Entscheidungsdatum: 05.12.2012
In der Beschwerdesache
…
betreffend die Markenanmeldung 30 2010 014 553.6
hat der 26. Senat (Marken-Beschwerdesenat) des Bundespatentgerichts in der Sitzung vom 5. Dezember 2012 unter Mitwirkung des Vorsitzenden Richters Dr. Fuchs-Wissemann sowie der Richter Reker und Hermann
beschlossen:
Die Beschwerde wird zurückgewiesen.
I
Die Markenstelle für Klasse 21 des Deutschen Patent- und Markenamts hat die Anmeldung der für die Waren der Klasse 21
"Geräte (soweit in Klasse 21 enthalten) und Behälter für Haushalt und Küche; Schwämme, Bürsten, Putzzeug; Glaswaren, Porzellan und Steingut für Haushalt und Küche, soweit nicht in anderen Klassen enthalten; Kochgeschirre und -geräte (nicht elektrisch); Kochtöpfe, Bratpfannen, Isolierflaschen, Essgeschirre, Anrichte- und Serviergeschirre; nichtelektrische handbetriebene Haushalts- und Küchengeräte und -maschinen, Siebe, Schöpflöffel, Schneebesen (nicht elektrisch, für den Haushalt), Schaber (Küchengeräte), Korkenzieher, Plätzchenausstechformen, Topfdeckel (soweit in Klasse 21 enthalten), Messerblöcke (leer), Mikrowellengeschirr, handbetriebene Pfeffer- und Salzmühlen, Salz- und Pfefferstreuer"
bestimmten Marke
Gagny
mit Beschluss vom 20. Oktober 2011 gemäß § 8 Abs. 2 Nr. 2 MarkenG zurückgewiesen, weil es sich bei der angemeldeten Marke in Bezug auf die beanspruchten Waren um eine Angabe handele, die zur Bezeichnung ihrer geografischen Herkunft dienen könne (§ 8 Abs. 2 Nr. 2 MarkenG). Zur Begründung hat sie unter Hinweis auf die Internetseite der französischen Stadt Gagny ausgeführt, bei der angemeldeten Marke handele es sich um den Namen dieser Stadt, die 38.000 Einwohner habe, ein Vorort von Paris sei und über eine gute Autobahn- und U-Bahn-Anbindung an die französische Hauptstadt verfüge und zudem in unmittelbarer Nähe zum Flughafen Paris-Charles de Gaulle, dem größten internationalen Verkehrsflughafen von Paris, liege. In der Stadt Gagny seien neben High-Tech-Unternehmen und Dienstleistungsunternehmen auch kleinere und mittlere Industriebetriebe angesiedelt. Gagny sei auch Partnerstadt der deutschen Stadt Minden sowie des Berliner Stadtbezirks Charlottenburg-Wilmersdorf, weshalb die inländischen Verkehrskreise die Bezeichnung "Gagny" zu einem nicht unerheblichen Teil mit dieser französischen Stadt verbänden. Auch wenn sich derzeit kein Nachweis für eine Fertigung von Haushaltswaren der angemeldeten Art in Gagny feststellen lasse, liege es angesichts der dort vorhandenen Infrastruktur, der Verkehrsanbindungen, der Nähe zu Paris und der bereits ansässigen Industrie nicht außerhalb jeder Wahrscheinlichkeit, dass sich in Gagny künftig auch Unternehmen ansiedelten, die sich mit der Herstellung und/oder dem Vertrieb von Haushaltswaren befassten; denn es handele sich bei diesen Waren um solche, die nahezu überall produziert werden könnten.
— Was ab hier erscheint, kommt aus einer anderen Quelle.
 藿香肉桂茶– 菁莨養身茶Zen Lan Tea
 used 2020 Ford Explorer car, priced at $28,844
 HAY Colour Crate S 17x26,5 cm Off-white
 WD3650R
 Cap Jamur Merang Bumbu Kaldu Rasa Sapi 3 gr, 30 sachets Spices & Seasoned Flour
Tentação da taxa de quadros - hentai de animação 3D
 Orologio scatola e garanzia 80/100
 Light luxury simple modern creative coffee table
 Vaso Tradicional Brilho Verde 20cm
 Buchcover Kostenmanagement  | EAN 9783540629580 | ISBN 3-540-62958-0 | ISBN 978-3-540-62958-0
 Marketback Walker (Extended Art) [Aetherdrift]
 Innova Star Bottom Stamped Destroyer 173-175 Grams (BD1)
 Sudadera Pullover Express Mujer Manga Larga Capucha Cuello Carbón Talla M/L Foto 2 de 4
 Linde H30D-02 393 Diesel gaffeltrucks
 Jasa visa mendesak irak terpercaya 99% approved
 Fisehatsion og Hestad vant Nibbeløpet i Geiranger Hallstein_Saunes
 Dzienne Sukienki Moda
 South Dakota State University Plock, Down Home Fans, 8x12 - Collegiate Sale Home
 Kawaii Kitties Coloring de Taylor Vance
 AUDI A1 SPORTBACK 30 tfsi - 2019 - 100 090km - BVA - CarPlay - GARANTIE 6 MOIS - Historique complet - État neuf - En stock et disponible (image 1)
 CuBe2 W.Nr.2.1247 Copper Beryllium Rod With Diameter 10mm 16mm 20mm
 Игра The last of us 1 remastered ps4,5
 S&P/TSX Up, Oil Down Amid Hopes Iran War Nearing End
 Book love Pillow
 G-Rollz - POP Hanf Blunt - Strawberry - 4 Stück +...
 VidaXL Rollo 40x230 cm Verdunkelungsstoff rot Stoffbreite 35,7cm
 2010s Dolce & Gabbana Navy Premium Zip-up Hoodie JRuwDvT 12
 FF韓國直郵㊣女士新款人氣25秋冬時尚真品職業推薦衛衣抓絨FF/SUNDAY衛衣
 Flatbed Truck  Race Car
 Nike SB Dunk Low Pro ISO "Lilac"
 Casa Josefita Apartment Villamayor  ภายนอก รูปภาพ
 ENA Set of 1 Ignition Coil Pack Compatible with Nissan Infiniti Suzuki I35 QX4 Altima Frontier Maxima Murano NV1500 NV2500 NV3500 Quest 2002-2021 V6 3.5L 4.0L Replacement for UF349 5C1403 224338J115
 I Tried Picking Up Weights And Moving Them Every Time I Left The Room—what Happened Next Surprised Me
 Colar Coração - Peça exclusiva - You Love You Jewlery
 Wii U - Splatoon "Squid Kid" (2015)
Gegen die Zurückweisung der Anmeldung wendet sich die Anmelderin mit ihrer Beschwerde. Zu deren Begründung trägt sie vor, bei der Prüfung, ob eine geografische Bezeichnung als Angabe über die Herkunft von Waren und Dienstleistungen geeignet sei, komme nach der Rechtsprechung des Europäischen Gerichtshofs (GRUR 1999, 723 ff., 725 - Chiemsee) vornehmlich dem Verständnis und den Vorstellungen der angesprochenen Verkehrskreise Bedeutung zu. Das Eintragungshindernis des § 8 Abs. 2 Nr. 2 MarkenG setze voraus, dass die Angabe für den Verkehr subjektiv relevant sein könne. Deshalb stelle insbesondere die Bekanntheit der geografischen Angabe im inländischen Verkehr ein maßgebliches Beurteilungskriterium dar. Bei einer im Verkehr im Wesentlichen unbekannten geografischen Angabe bedürfe es deshalb der Feststellung eines gegenwärtigen oder zukünftigen Freihaltungsbedürfnisses an dieser Angabe, wobei auch mögliche zukünftige Entwicklungen zu berücksichtigen seien, allerdings nur insoweit, als diese vernünftigerweise zu erwarten seien (BGH GRUR 2003, 882 ff. - Lichtenstein). Bei Zugrundelegung dieses rechtlichen Beurteilungsmaßstabs stehe der Eintragung der angemeldeten Marke ein Schutzhindernis nicht entgegen. Ein erheblicher Teil der durchschnittlich informierten deutschen Endverbraucher und ein ebensolcher Teil des inländischen Fachverkehrs kenne die französische Stadt Gagny gar nicht, was an der geringen Größe der Stadt sowie daran liege, dass in Gagny weder historisch, politisch, kulturell, sportlich noch sonst aufmerksamkeitserregende Ereignisse stattgefunden hätten. In Gagny gebe es nach den Feststellungen der Markenstelle weder aktuell Produktionsstätten und Handelsunternehmen für Haushaltswaren noch seien tatsächliche Anhaltspunkte für deren zukünftige Ansiedlung an diesem Ort von der Markenstelle festgestellt worden oder sonst feststellbar. Dass die Stadt Gagny auf ihrer Internetseite mit der Bezeichnung "wirtschaftlicher aktiver Anziehungspunkt" werbe, könne nicht als Nachweis für tatsächlich bereits vorhandene oder zu erwartende wirtschaftliche Entwicklungen dienen. Bestehende Partnerstädte in Deutschland und die verkehrsgünstige Lage der Stadt ließen keinen Schluss auf die Bekanntheit von "Gagny" in Deutschland zu.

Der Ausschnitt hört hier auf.